Collaborating artists: Ron Bull (voice); Stefan Marks (programming); Janine Randerson (video); Rachel Shearer (sound); Heather Purdie (glaciologist and scientific advisor).
Acknowledgements:
Creative New Zealand Toi Aotearoa; NIWA Taihoro Nukurangi; Auckland University of Technology; Te Tuhi and the World Weather Network; Hocken Collections Uare Taoka o Hākena.
Ron Bull is a Kāi Tahu mātauraka knowledge-holder and linguist. He is part of the Kaihaukai Collective and together with Simon Kaan has produced social exchanges based around food nationally and internationally, including at the International Symposium of Electronic Arts and the Museum of New Zealand Te Papa Tongarewa. He has also worked on collaborative art projects with artists such as Alex Monteith. Bull is a researcher on cross-cultural collaboration and engages with place-based narratives through social art practice.

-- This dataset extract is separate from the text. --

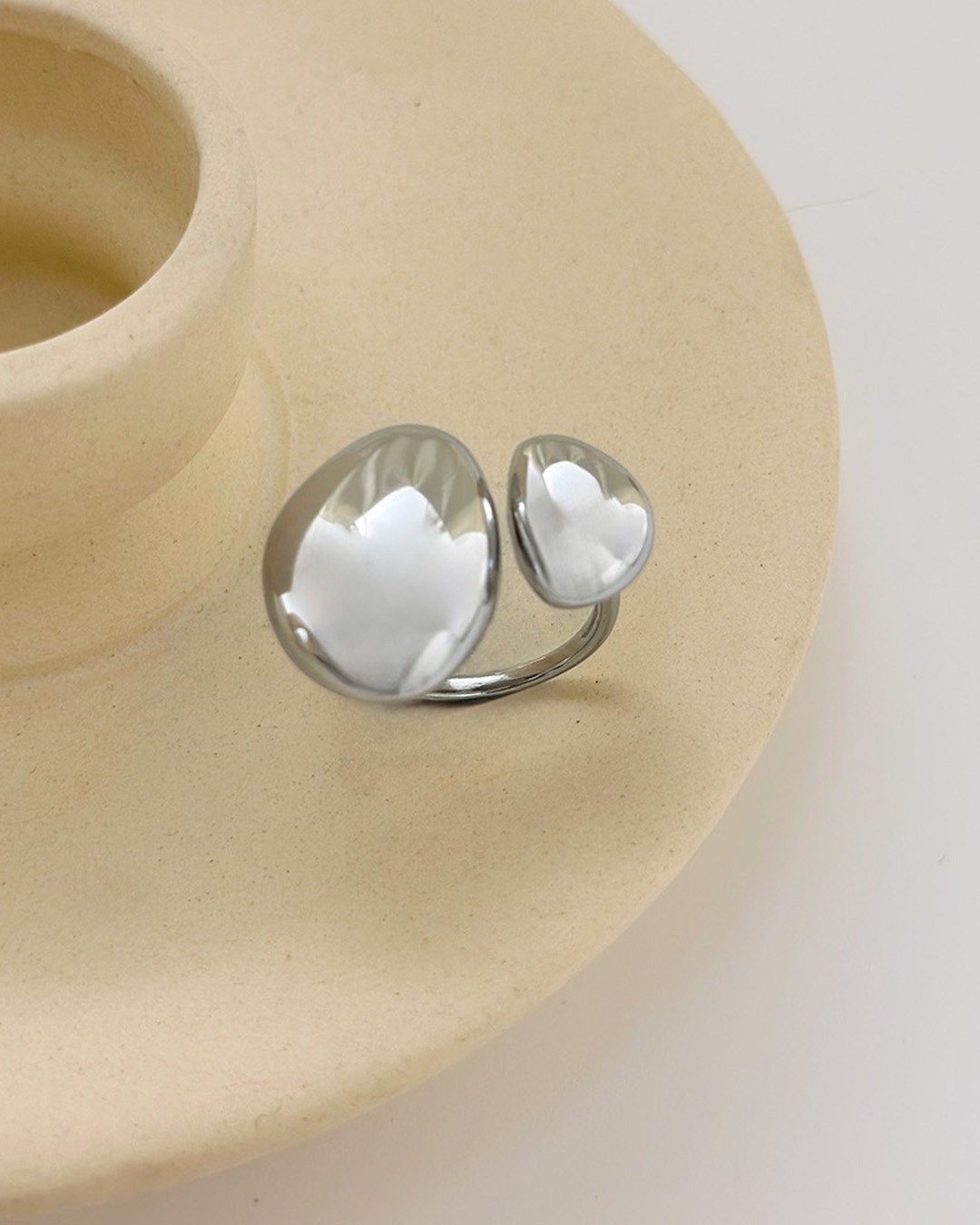 Wholesaler Eclat Paris - Silver Ring With Two Shiny Irregular Buttons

Stefan Marks is a creative technologist in the School of Future Environments at Auckland University of Technology. His main areas of research are collaborative extended reality (XR) and data visualisation or, as he prefers to call it, ‘data-driven, immersive storytelling.’ Stefan creates tools to turn complex or abstract information into visual, audible and other sensory forms to allow the human brain to perceive, discover and understand patterns and relations. Some of his projects have dealt with earthquake data, the human nasal cavity anatomy and artificial neural network connectivity.
Rachel Shearer investigates sound as a medium through a range of practices: public urban/site-specific and gallery-based installations; studio-based composing of experimental sound experiences/music; collaborating as a sound designer or composer for moving image and live performance events; and writing. A focus in Shearer’s work is thinking through Māori and Western philosophies and technologies around the materiality of sound and how we listen to the whenua.

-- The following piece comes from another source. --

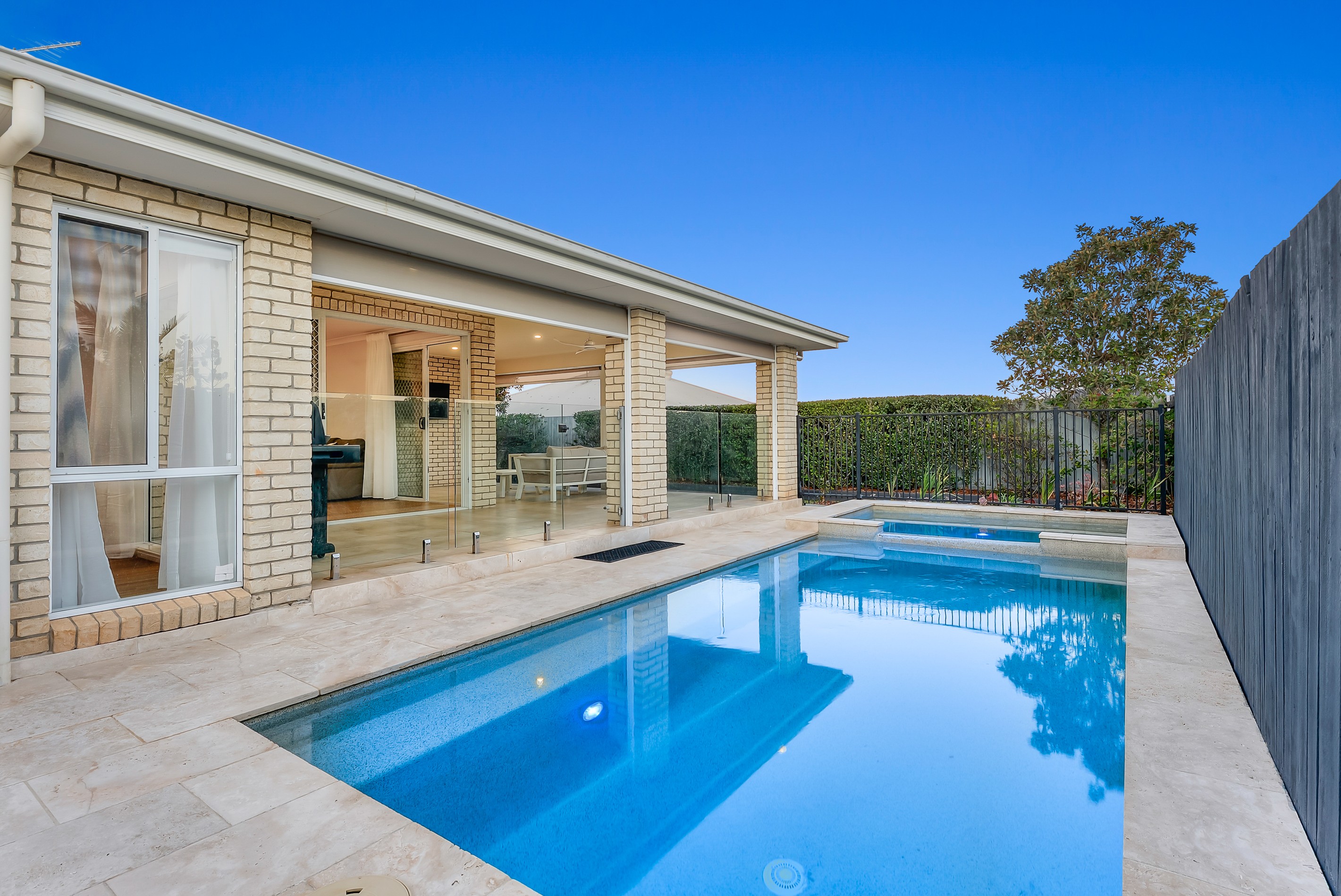 21 Hillcrest Court, Murrumba Downs, QLD 4503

Heather Purdie is a glaciologist at the University of Canterbury, with research expertise in glacier mass balance, dynamics and climate change, focusing on the mountain glaciers in Kā Tiritiri-o-te-moana, the Southern Alps of Aotearoa. She is interested in glaciological change that occurs over short temporal scales. Most recently, she has been exploring rapid change at lake-calving glaciers and the impact that crevasses have on glacier mass balance. She makes regular monitoring trips to Haupapa glacier and Lake Haupapa with a team of researchers.

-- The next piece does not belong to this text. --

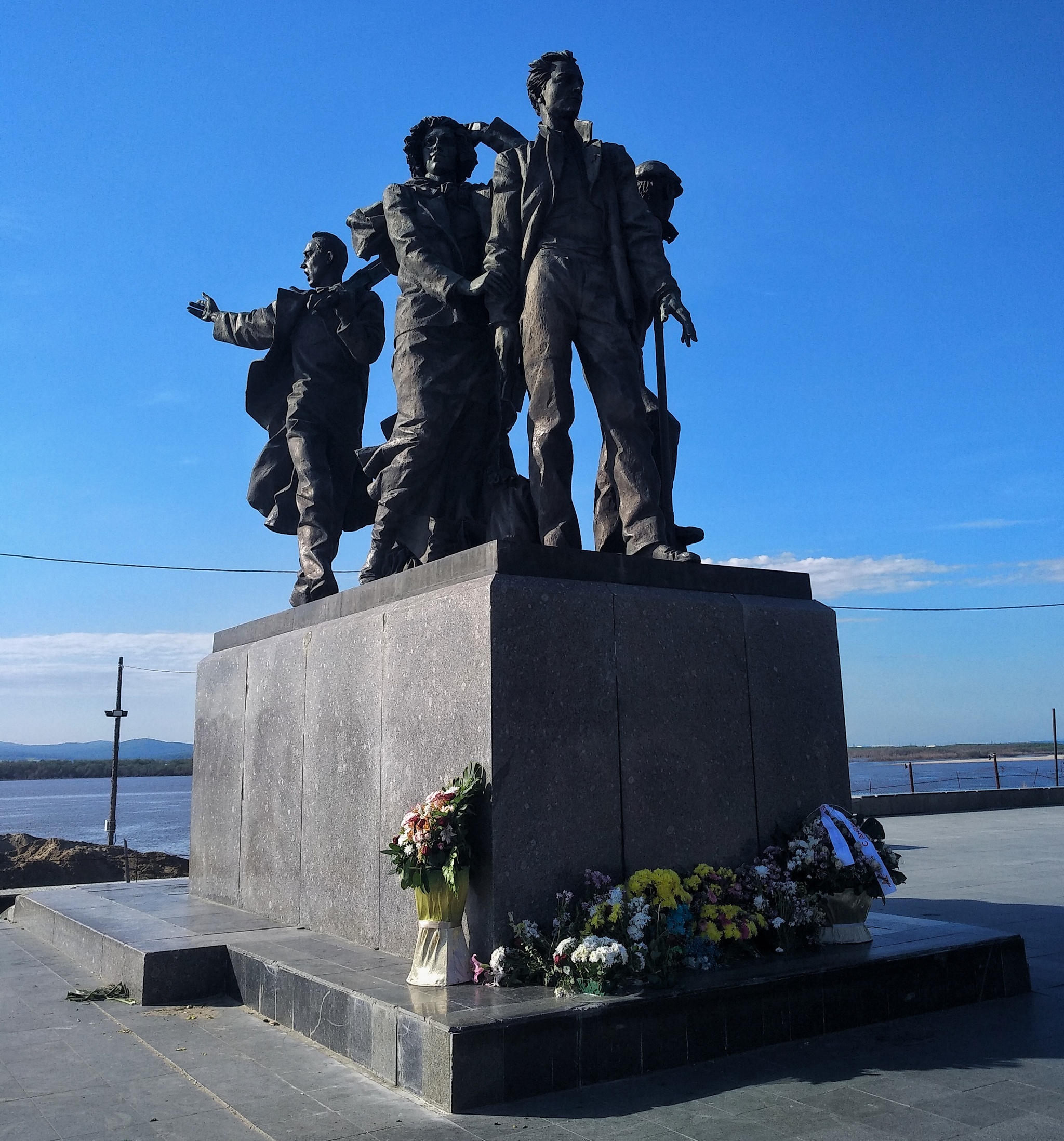 Молодежный комсомольск на амуре. Памятник первостроителям Комсомольск-на-Амуре. Достопримечательности Комсомольска на Амуре.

Janine Randerson is an artmaker of video installations, 16mm films, sound and online artworks. She often practises in collaboration with environmental scientists and community groups. Janine’s book Weather as Medium: Toward a Meteorological Art (MIT Press, 2018) focuses on modern and contemporary artworks that engage with our present and future weathers. She also generates art exhibitions, events and screening programmes.